If we are interested in the rise of liberal societies and liberal principles such as freedom of expression, then we have to understand how society came to adopt new political and economic institutions that were largely separated from religious doctrines. That is, we need to explain the rise of religious freedom.

The emergence of religious freedom in the West was not the product of ideas alone. The mid-20th century historian of religious freedom Roland H. Bainton observed that “the best things on religious liberty were said in the sixteenth century but not practiced until the nineteenth.”[2] What he meant was that during the 16th century there were many statements in favor of religious liberalism despite an intensification of religious persecution and violence. Writers including Sebastian Castellio (1515–1563)—who condemned the burning of Michael Severtus by Jean Calvin—and Anabaptists such as Felix Manz (d. 1527) and Balthasar Hubmaier (1480–1528), both of whom suffered death for their beliefs—articulated arguments in favor of religious pluralism. But they were largely ignored by their peers and had no influence on policy. It was only in the 19th century that some measure of religious freedom was attained in Europe.

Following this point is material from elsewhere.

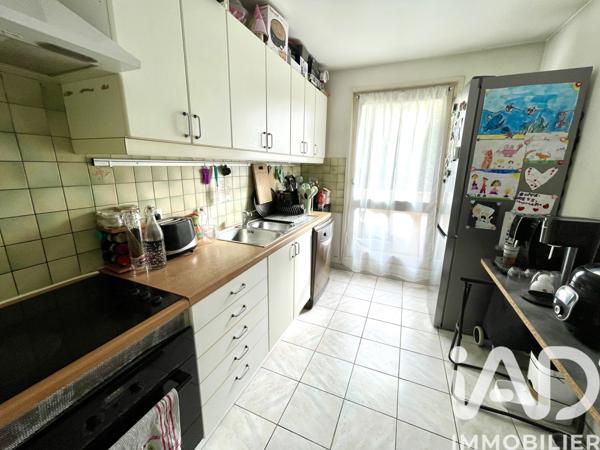 Appartement à vendre 4 pièces 79 m² Ermont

Religious freedom should be sharply distinguished from the practice of toleration. Today what the word “tolerance” refers to is better called permissive individualism, that is,the idea that we have no right to judge or condemn individuals for their lifestyle choices so long as those choices don’t impose harms on others. But the original Latin meaning of tolere, which persisted all the way through the 17th century, is to bear something that one strongly disagrees with. It was a practical rather than a moral principle, and it was contingent and subject to revision. In our book Persecution and Toleration, we use the term “conditional toleration” to emphasize the difference between toleration and genuine religious freedom.

Why does this distinction matter? Too often historians praise societies that didn’t actively persecute religious minorities as “tolerant.” But the absence of persecution does not imply that individuals were free to worship as they liked or, indeed, to pursue economic or social betterment. The assumption that dissent could invite repression was sufficient to create a climate in which potentially subversive thoughts were not freely expressed. In our reading of the historical evidence, neither ancient Rome nor the Islamic or Mongol Empires had religious freedom. They often refrained from actively persecuting religious minorities, but they were also ruthless in suppressing dissent when it suited their political goals.[3] Religious freedom is a uniquely liberal achievement, and liberalism is an achievement of post-1700 modernity. What explains it?

Personal Rules versus Identity Rules

In Violence and Social Orders, Douglass North, Barry Weingast, and John Wallis distinguish between personal rules, identity rules, and general rules. Personal rules involve treating people differently on the basis of their individual characteristics. This works when social cooperation is limited to a small number of individuals, say a band of ten or twenty. Members can trust one another because the chances of future interactions are high. Consistent with game theoretic reasoning, this very often leads to sustained cooperation.

Personal rules have a serious shortcoming, however. They are of limited use in dealing with strangers. As the scale of society increases and the complexity of social interactions grows, personal rules cease to be sufficient. With the shift to settled agriculture after 8,000 BC, political organizations became larger and states oversaw the introduction of more sophisticated legal systems to prevent theft, fraud, and uncontrolled violence. For most of history, and in much of the developing world today, these laws have taken the form of identity rules.

Identity rules depend on the social identity of the parties involved. This could refer to an individual’s clan, caste, class, religious affiliation, or ethnicity. Examples from historical legal systems abound. Aristocrats faced different rules from commoners. Slaves faced different rules from freemen. The Code of Hammurabi, for example, prescribed punishment based on the relative status of the perpetrator and the victim. Identity rules were common historically because governing individuals on the basis of their legible social characteristics was cheap. As religious identity was particularly salient, many identity rules treated individuals differently on the basis of their religion.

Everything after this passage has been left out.